§ **Task objective**
Only one stretch of the data below is wanted: the lines from the one with "La femme à l'écharpe pailletée" through the one with "Airport (YSSY/SYD) Qantas", repeated exactly.

§ **Dataset content**
● ● ● ●
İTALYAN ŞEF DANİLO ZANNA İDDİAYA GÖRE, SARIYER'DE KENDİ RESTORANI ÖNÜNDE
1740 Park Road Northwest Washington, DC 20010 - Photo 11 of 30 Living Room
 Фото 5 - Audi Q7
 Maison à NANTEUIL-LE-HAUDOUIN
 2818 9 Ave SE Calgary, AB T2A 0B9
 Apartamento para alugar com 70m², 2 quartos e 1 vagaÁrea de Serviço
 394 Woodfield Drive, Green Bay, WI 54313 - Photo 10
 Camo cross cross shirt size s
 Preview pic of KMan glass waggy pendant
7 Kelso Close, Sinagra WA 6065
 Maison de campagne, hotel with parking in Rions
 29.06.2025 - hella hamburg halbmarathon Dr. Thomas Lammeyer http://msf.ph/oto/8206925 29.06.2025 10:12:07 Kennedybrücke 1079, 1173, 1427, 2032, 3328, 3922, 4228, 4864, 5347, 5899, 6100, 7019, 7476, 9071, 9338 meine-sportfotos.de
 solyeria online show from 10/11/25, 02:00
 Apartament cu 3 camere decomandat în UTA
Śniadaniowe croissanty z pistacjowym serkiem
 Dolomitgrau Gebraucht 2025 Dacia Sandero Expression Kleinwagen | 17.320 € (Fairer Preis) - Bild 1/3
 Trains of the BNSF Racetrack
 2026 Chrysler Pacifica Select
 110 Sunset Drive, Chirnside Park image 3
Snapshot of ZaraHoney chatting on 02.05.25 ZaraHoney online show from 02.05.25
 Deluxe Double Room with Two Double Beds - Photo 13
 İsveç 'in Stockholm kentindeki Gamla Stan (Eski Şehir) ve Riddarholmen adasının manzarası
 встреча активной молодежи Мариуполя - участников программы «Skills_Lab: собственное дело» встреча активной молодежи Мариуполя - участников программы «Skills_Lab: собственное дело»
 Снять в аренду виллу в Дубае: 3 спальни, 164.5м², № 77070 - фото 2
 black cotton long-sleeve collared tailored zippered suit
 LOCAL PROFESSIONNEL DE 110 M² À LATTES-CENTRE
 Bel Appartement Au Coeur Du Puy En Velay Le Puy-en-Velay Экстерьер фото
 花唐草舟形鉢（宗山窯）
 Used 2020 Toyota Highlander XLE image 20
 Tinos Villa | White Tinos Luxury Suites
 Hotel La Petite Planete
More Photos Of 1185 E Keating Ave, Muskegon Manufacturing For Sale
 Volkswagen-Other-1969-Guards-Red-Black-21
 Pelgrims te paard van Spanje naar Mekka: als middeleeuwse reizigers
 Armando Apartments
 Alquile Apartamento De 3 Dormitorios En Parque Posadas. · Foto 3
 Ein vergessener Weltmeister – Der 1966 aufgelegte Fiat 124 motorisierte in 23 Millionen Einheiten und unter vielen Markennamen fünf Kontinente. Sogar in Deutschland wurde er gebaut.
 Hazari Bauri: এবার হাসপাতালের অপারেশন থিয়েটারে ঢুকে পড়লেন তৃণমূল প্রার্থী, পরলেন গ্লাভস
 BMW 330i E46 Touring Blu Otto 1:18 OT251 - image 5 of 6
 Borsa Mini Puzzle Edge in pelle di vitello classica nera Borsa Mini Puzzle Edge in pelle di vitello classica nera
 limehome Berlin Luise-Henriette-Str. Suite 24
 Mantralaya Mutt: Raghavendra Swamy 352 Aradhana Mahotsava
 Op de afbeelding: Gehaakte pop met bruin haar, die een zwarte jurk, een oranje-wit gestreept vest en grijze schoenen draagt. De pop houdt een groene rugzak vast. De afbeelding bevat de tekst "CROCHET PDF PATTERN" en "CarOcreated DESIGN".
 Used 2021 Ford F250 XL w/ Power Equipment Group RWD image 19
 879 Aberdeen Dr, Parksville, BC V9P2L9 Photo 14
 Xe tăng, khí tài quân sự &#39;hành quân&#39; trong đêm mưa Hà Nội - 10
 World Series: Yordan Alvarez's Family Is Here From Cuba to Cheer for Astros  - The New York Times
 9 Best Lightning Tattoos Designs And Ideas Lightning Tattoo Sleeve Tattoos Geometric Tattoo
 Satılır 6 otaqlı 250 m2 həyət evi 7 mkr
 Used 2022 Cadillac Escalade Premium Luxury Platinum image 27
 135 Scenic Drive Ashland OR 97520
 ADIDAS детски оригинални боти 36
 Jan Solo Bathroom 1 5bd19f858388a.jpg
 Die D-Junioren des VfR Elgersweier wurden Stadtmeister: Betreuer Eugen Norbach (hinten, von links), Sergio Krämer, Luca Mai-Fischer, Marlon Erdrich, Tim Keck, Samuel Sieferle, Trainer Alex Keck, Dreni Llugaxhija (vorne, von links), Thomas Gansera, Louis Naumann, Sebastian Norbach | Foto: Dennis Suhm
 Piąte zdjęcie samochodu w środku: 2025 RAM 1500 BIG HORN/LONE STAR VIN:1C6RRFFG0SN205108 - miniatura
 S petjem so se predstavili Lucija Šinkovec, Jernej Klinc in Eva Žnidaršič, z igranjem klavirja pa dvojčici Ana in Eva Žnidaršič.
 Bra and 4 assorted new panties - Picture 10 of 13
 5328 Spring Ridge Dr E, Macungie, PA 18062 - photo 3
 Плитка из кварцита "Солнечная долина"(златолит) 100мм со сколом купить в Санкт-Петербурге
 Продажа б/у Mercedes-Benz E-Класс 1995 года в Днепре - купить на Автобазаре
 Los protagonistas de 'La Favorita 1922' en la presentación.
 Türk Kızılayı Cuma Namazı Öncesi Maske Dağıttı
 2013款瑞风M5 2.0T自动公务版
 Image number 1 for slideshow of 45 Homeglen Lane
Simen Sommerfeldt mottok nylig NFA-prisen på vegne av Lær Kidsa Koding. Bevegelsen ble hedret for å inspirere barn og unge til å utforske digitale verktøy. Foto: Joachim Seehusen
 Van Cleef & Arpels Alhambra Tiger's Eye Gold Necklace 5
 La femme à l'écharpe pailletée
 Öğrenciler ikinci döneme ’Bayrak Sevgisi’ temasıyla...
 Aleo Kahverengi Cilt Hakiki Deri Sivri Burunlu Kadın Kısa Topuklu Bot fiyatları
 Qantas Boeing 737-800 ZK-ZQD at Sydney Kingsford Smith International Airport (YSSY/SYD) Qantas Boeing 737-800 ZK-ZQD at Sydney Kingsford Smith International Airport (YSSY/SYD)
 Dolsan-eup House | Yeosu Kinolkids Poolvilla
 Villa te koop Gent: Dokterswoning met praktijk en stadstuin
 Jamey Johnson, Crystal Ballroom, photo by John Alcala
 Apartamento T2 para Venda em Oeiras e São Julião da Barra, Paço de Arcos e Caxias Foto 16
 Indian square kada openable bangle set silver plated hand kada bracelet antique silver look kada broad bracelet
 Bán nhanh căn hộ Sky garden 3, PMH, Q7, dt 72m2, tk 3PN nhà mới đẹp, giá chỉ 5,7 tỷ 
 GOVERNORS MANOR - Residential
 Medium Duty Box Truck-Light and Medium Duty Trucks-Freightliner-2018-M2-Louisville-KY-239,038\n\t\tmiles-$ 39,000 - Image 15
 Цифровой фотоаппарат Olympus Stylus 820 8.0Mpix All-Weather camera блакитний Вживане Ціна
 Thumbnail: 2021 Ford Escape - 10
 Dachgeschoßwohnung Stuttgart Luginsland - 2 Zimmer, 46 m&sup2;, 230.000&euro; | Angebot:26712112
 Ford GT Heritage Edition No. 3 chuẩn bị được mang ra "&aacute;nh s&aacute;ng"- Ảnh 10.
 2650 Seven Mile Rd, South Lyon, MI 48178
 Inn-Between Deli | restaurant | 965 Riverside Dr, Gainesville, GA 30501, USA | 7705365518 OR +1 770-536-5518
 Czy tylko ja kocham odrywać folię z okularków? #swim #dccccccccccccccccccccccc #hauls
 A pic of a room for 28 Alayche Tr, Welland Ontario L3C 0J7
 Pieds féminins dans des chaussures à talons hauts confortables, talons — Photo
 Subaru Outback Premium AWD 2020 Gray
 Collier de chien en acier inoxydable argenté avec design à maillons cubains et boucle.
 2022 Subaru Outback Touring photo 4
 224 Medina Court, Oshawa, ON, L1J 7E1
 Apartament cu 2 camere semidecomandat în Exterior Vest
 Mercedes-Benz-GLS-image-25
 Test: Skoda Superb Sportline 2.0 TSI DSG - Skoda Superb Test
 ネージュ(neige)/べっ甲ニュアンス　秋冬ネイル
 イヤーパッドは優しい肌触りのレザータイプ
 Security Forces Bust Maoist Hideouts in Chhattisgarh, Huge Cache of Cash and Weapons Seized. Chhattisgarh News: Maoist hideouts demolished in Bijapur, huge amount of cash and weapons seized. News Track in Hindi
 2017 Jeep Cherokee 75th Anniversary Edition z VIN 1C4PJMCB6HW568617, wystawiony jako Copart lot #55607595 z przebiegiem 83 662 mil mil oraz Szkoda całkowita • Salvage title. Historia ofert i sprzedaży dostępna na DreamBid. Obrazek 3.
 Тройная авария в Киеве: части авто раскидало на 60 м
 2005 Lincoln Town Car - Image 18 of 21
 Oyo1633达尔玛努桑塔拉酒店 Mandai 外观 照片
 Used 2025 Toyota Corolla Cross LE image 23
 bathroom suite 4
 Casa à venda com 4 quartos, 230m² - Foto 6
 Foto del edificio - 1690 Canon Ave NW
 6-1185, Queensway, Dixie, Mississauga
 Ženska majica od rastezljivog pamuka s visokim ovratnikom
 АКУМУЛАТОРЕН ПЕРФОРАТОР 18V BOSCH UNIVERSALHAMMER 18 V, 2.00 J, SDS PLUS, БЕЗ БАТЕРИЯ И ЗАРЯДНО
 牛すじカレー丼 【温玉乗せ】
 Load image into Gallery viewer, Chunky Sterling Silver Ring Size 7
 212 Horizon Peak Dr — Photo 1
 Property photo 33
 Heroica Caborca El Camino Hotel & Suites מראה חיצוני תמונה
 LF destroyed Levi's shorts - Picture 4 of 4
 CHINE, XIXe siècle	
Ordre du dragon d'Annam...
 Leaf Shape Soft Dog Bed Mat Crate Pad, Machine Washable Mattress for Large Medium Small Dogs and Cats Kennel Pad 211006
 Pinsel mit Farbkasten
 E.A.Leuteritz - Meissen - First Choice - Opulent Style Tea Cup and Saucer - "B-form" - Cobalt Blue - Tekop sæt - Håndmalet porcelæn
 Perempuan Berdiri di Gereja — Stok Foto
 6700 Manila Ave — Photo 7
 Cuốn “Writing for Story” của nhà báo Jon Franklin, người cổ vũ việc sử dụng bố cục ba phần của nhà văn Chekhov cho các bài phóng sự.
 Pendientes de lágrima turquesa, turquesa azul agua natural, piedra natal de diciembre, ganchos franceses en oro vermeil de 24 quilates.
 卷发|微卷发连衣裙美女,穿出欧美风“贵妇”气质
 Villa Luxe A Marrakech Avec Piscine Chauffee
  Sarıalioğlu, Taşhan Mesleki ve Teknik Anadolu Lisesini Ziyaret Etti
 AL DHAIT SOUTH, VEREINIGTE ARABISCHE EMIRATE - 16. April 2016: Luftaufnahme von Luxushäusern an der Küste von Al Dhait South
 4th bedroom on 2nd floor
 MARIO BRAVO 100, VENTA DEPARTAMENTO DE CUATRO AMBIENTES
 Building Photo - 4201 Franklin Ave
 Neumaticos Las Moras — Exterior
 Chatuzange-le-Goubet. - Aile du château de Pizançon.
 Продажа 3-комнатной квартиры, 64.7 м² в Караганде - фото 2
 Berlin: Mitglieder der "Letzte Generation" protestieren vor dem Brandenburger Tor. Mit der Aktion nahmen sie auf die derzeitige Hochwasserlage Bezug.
● ● ● ●
§ **Response area**
 La femme à l'écharpe pailletée
 Öğrenciler ikinci döneme ’Bayrak Sevgisi’ temasıyla...
 Aleo Kahverengi Cilt Hakiki Deri Sivri Burunlu Kadın Kısa Topuklu Bot fiyatları
 Qantas Boeing 737-800 ZK-ZQD at Sydney Kingsford Smith International Airport (YSSY/SYD) Qantas Boeing 737-800 ZK-ZQD at Sydney Kingsford Smith International Airport (YSSY/SYD)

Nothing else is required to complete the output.